China released third-quarter GDP figures on Friday, showing a year-on-year growth of only 6.0%, slower than expected. That marked the slowest pace since the first quarter of 1992, the earliest quarterly data on record.
China and the United States, the two economic giants, have been embroiled in a trade war for more than a year, with the latest round of trade talks ending late last week in Washington. The negotiations resulted in an indefinite postponement on the U.S. tariff increase from 25% to 30% on $250 billion in Chinese imports that were set to go into effect on October 15. No changes were announced on the next scheduled round of tariffs expected to kick off on December 15.
The outbreak of the Sino-U.S. trade war has affected China's export and domestic demand, resulting in weak domestic and foreign demand. Another problem is a slowdown in infrastructure investment and a slowdown in venture capital flow. The combination of internal and external factors has led to the downturn in China's economic growth.
In this week's report, the International Monetary Fund (IMF) lowered its forecast for global economic growth in 2019 to 3%, the lowest level since the 2008-2009 financial crisis, as reported by the South China Morning Post.
There are limited measures that the Chinese government can take to cope with the slowdown. Chief researcher of Daiwa Institute of research in Tokyo, Naoto Saito, said, "One is more infrastructure spending. This will be made possible by fiscal spending, especially by local governments. The other one would be consumption stimulus." In other words, rely on fiscal stimulus and financing, huge tax cuts and local government bonds to fund infrastructure projects, as well as stimulating bank lending, as reported by Reuters.
China has begun to take relevant actions. Shengyong Mao, a spokesman for China's National Bureau of Statistics, announced Beijing's plans to bring forward some 2020 special local government bond issuance to this year, in a move to spur regional infrastructure investment. Analysts expect the People's Bank of China (PBOC) to ease policy further by cutting banks' reserve retirement ratios and the one-year loan prime rate, Reuters said.
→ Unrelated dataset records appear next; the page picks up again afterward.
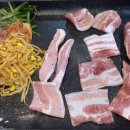 장생부추 삼겹살 이미지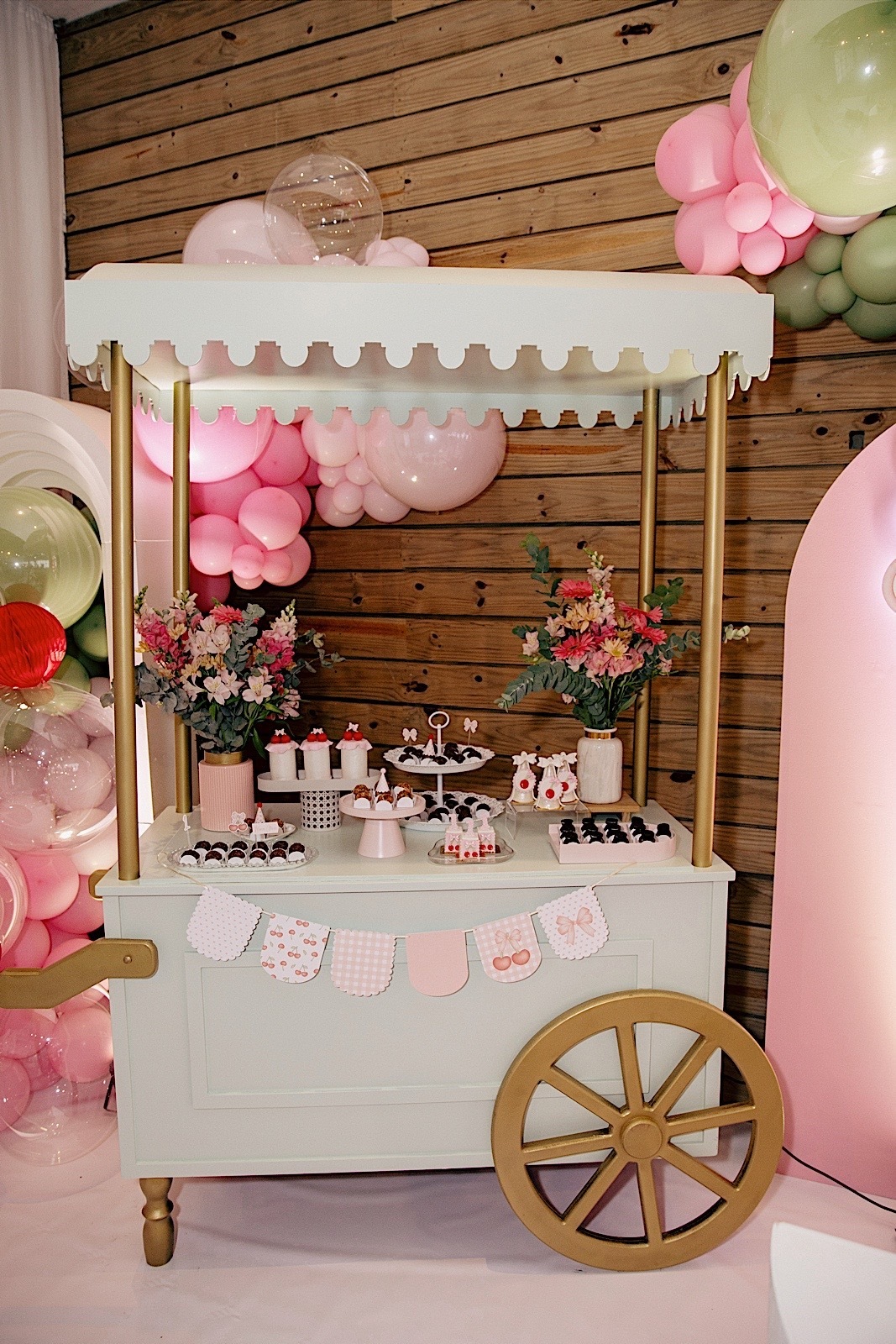 aniversario - aniversario infantil - maria otavia 1 ano - festa de 1 ano - fotografos jaraguá do sul - fotografia de familia - fotografia infantil - chroma fotografia - tema cereja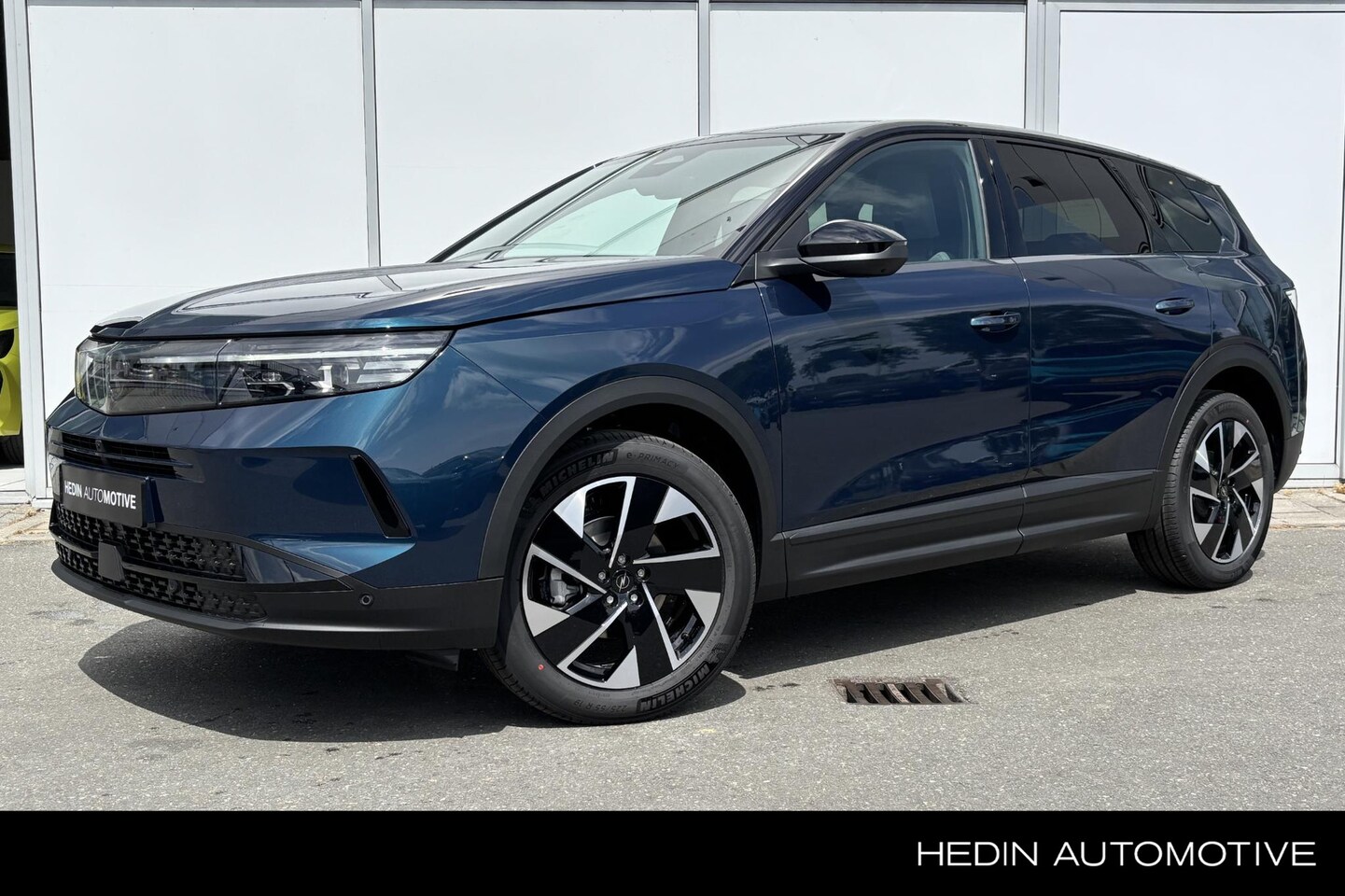 Opel Grandland - 1.2 Turbo Hybrid GS | Trekhaak | Camera voor + achter | Head up display | Verwarmde voorru - AutoWereld.nl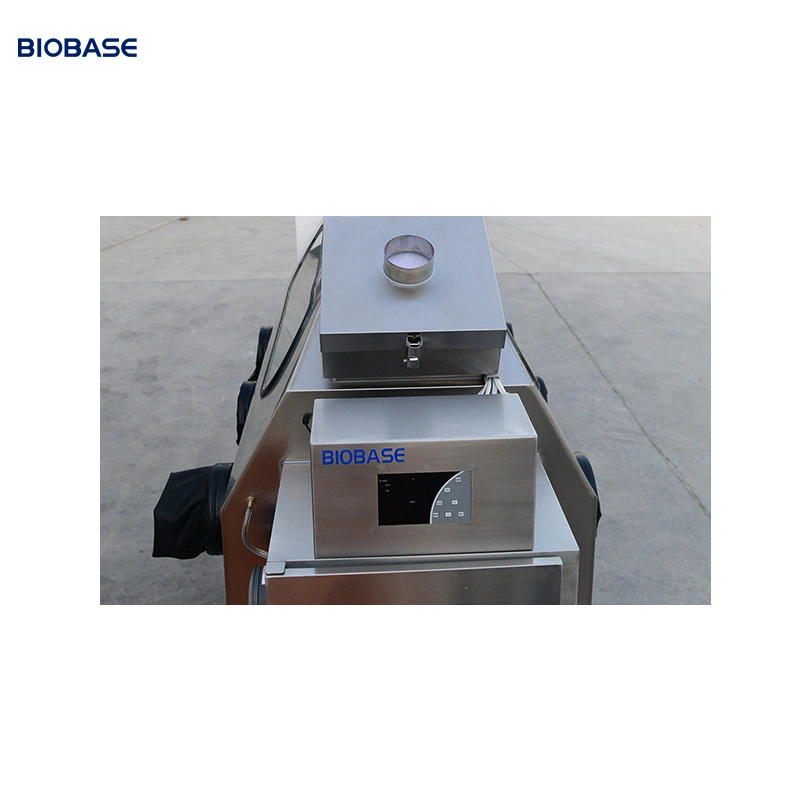 Biobase Chicken Isolator Positive Negative Pressure for SPF Chicken Feeding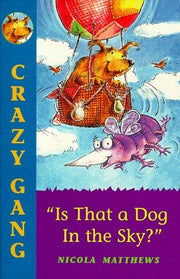 Is That a Dog in the Sky?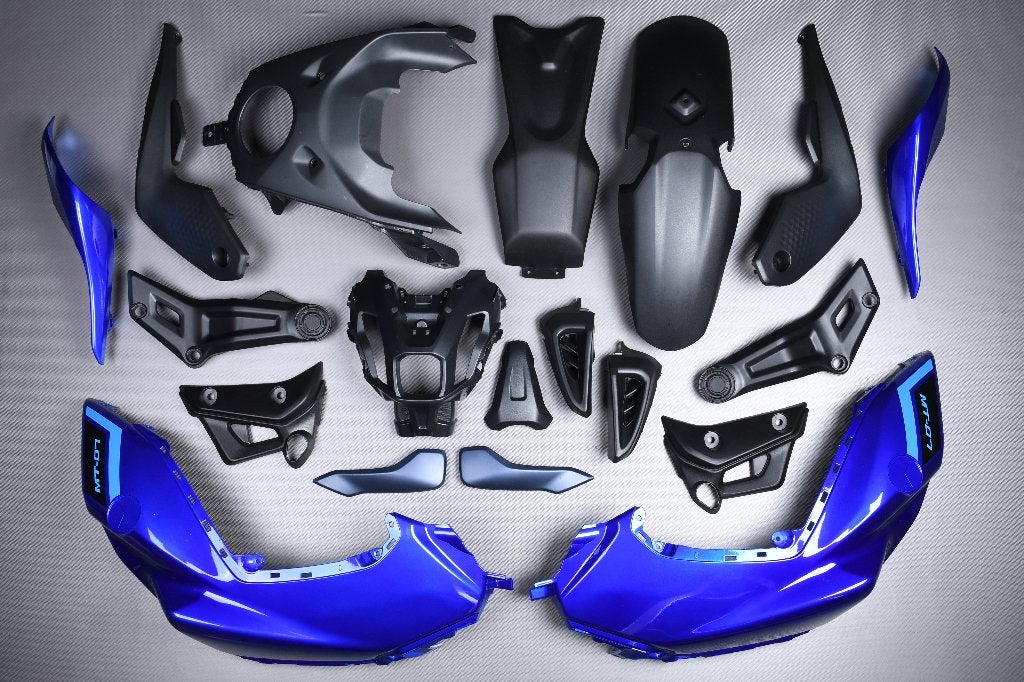 Motorfiets AVDB kuipdelen voor YAMAHA MT07 2021 - 2024, Ophalen of Verzenden, Nieuw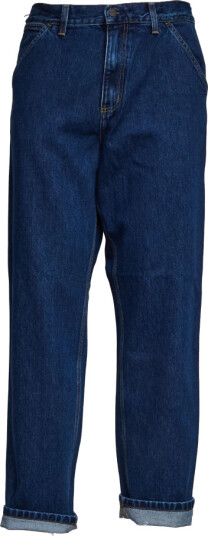 Carhartt Wip Herre Jeans Blå W33,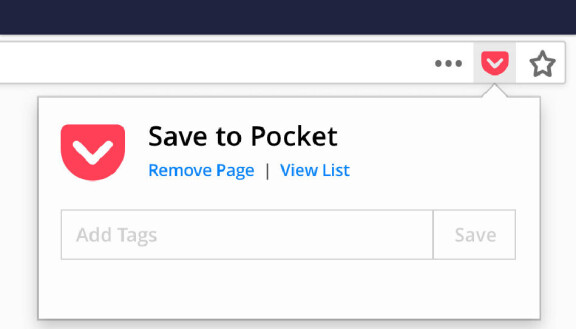 Mozilla pensionerar klassiska Pocket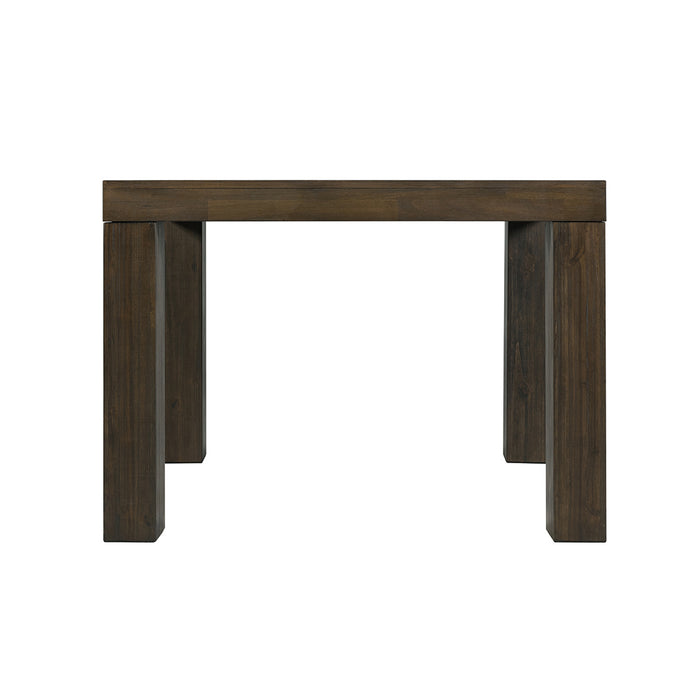 Grady 6PC Dining Set (72" Table + 4 Chairs + Bench) in Brown - Jack’s Furniture and More (Laredo, TX)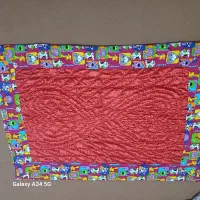 لحاف پشمی بچه گانه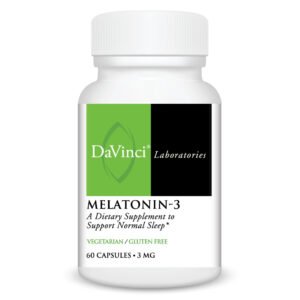 Melatonin-3 by Davinci Labs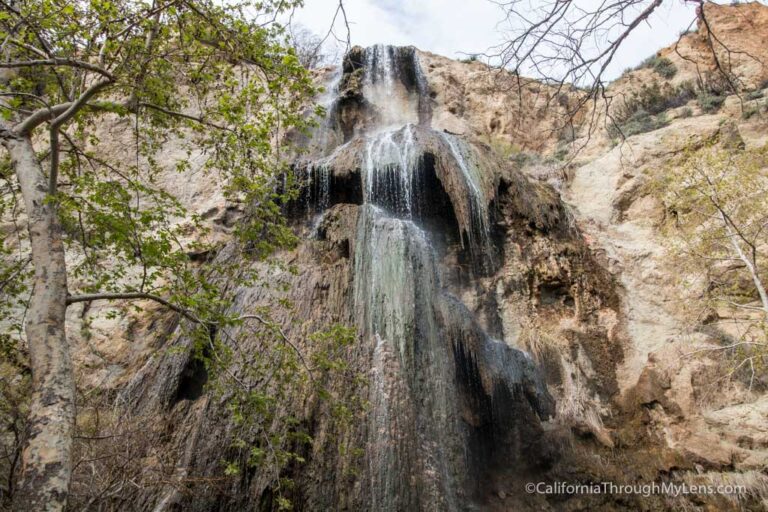 Escondido Falls Hike in Malibu: A Beautiful Three Tiered Waterfall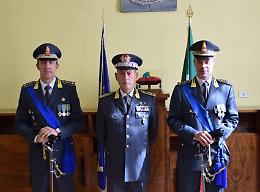 Guardia di Finanza: cambio al vertice del Comando provinciale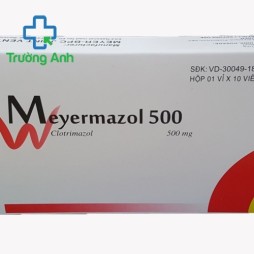 Meyermazol 500Mg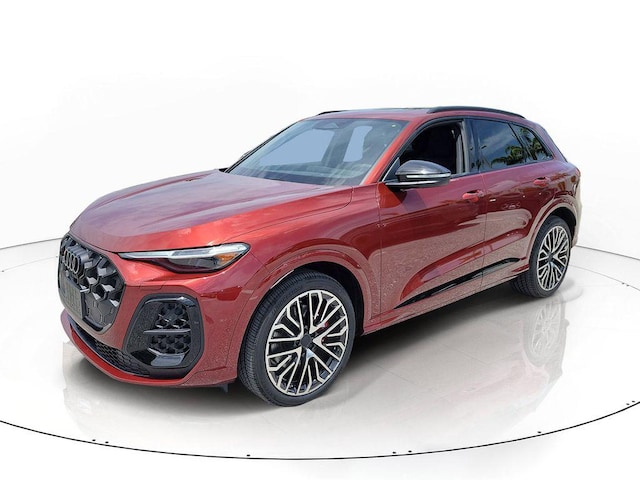 2026 Audi SQ5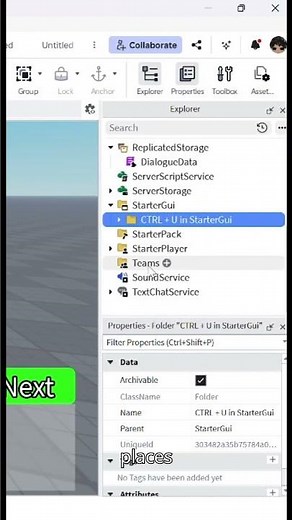 How to use my Advanced Dialogue kit, in Roblox Studio #roblox #robloxstudio #robloxstudiotutorial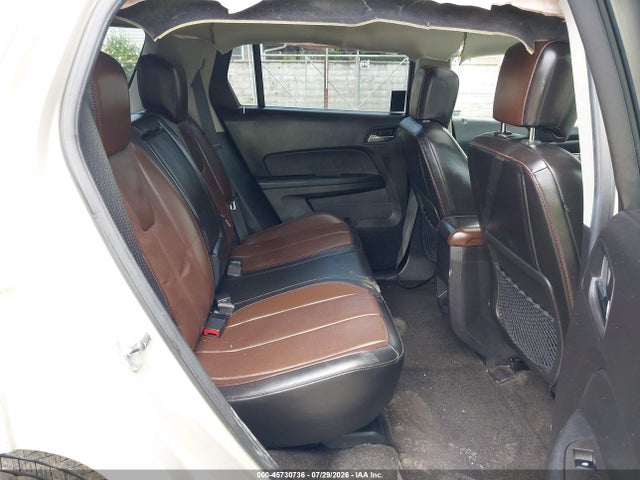 Aukcja sprzedaży 2010 Gmc Terrain Slt-2, vin: 2CTALHEWXA6314355, numer aukcji: 45730736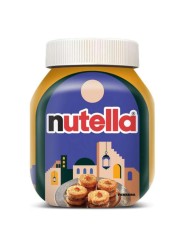 Nutella Hazelnut Chocolate Spread Jar 825g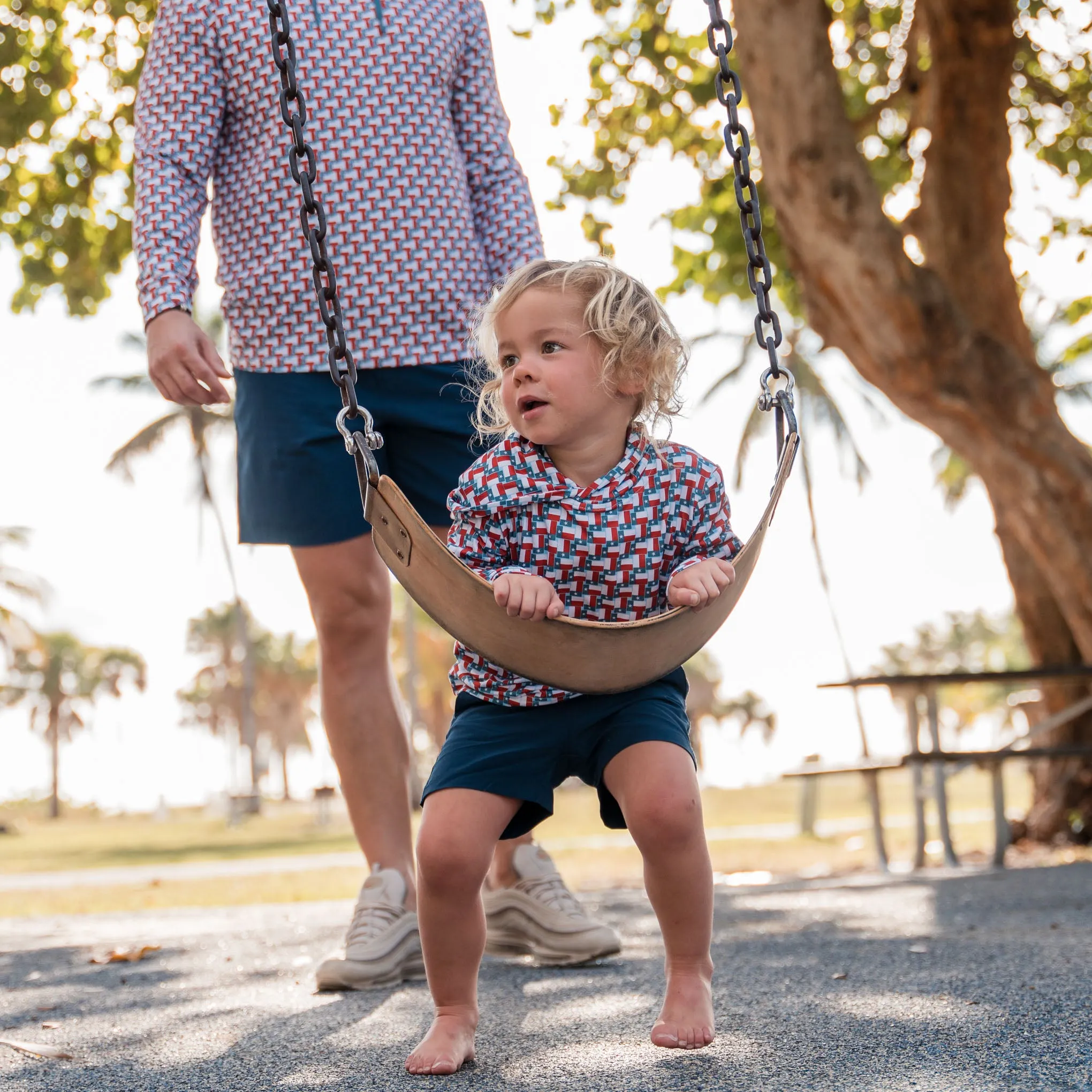 Youth Everyday Short - Deep Water Navy - Mayan Pocket skin soft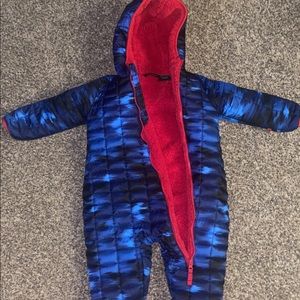Toddler Snozu Winter Onesie ⛄️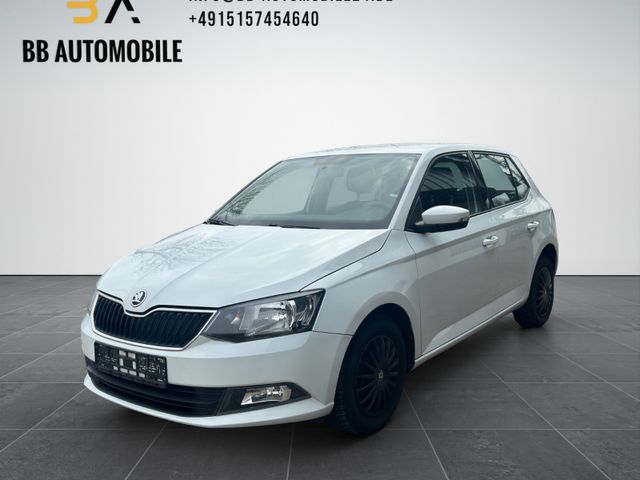 Skoda Fabia Active KLIMA RADIO START/STOPP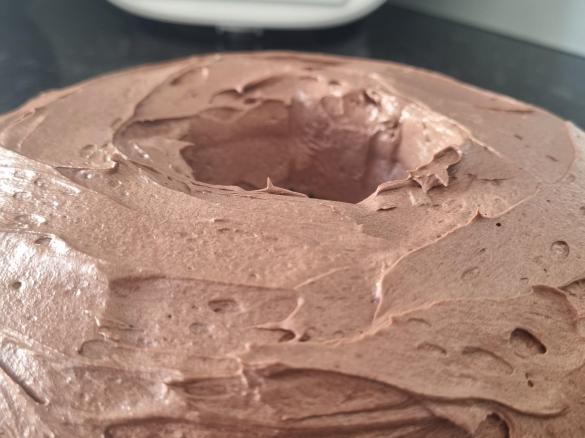 Chocolate Buttercream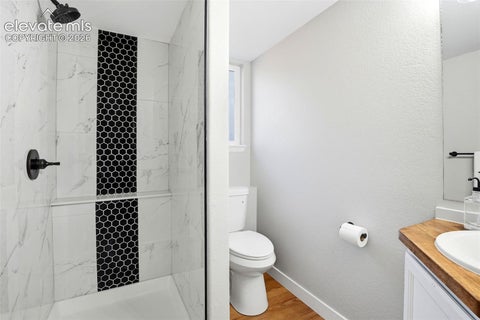 Tiny photo for 3951 Shining Star Drive, Colorado Springs, CO 80925 (MLS # 7388367)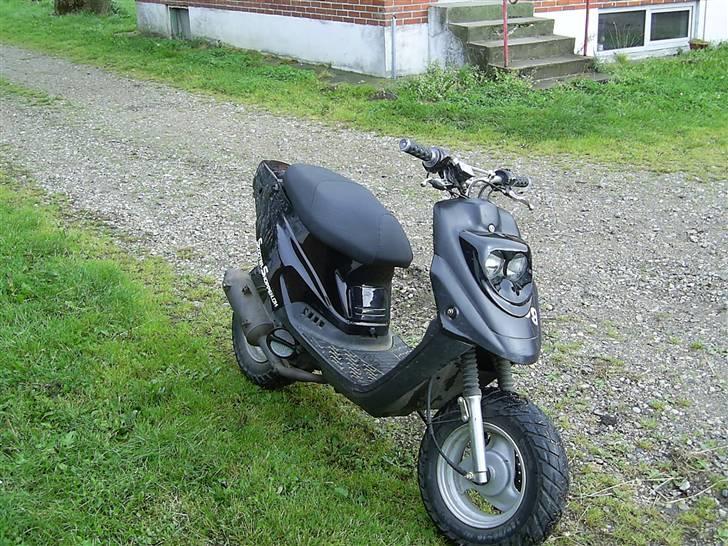 PGO HOT50               (DØD) - før:) billede 1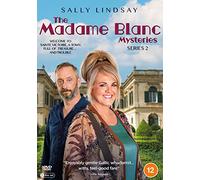 The Madame Blanc Mysteries – Serie 2 – DVD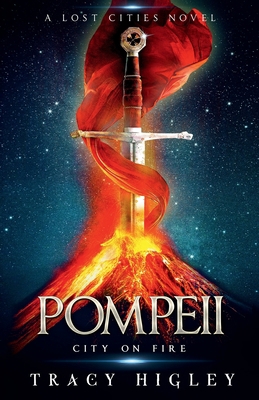 Pompeii: City on Fire 173705793X Book Cover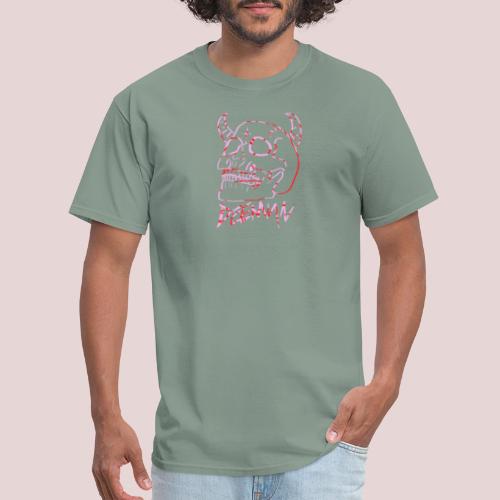 THE PRETTY FLOWER - Men's T-Shirt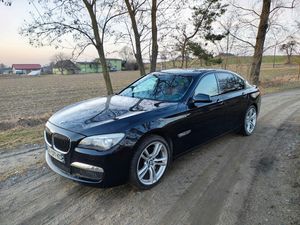 BMW 7 Series F01 740d xDrive 2011
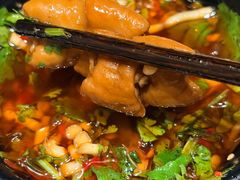 -独食火锅·半米屋台(望平街店)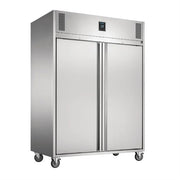 Polar U-Series Premium Double Door Freezer 1170L - UA004-A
China has also released some encouraging figures compared with the overall GDP lower than expected. According to the data of the National Bureau of statistics, China's industrial output rose 5.8% in September, higher than anticipated. Fixed asset investment grew 5.4% from January to September, matching expectations. Retail sales rose 7.8% year-on-year last month, in line with expectations. In September, the national urban unemployment rate was 5.2%, the same as last month.
Overall, in the first three quarters of this year, China's economic growth rate fell by 0.2% every quarter. China is facing a very serious situation. Global economic growth is slowing down, external instability factors are increasing, and domestic financial downward pressure is higher. Policymakers need to roll out more active measures to meet Beijing's official growth target for 2019, which is 6% to 6.5%.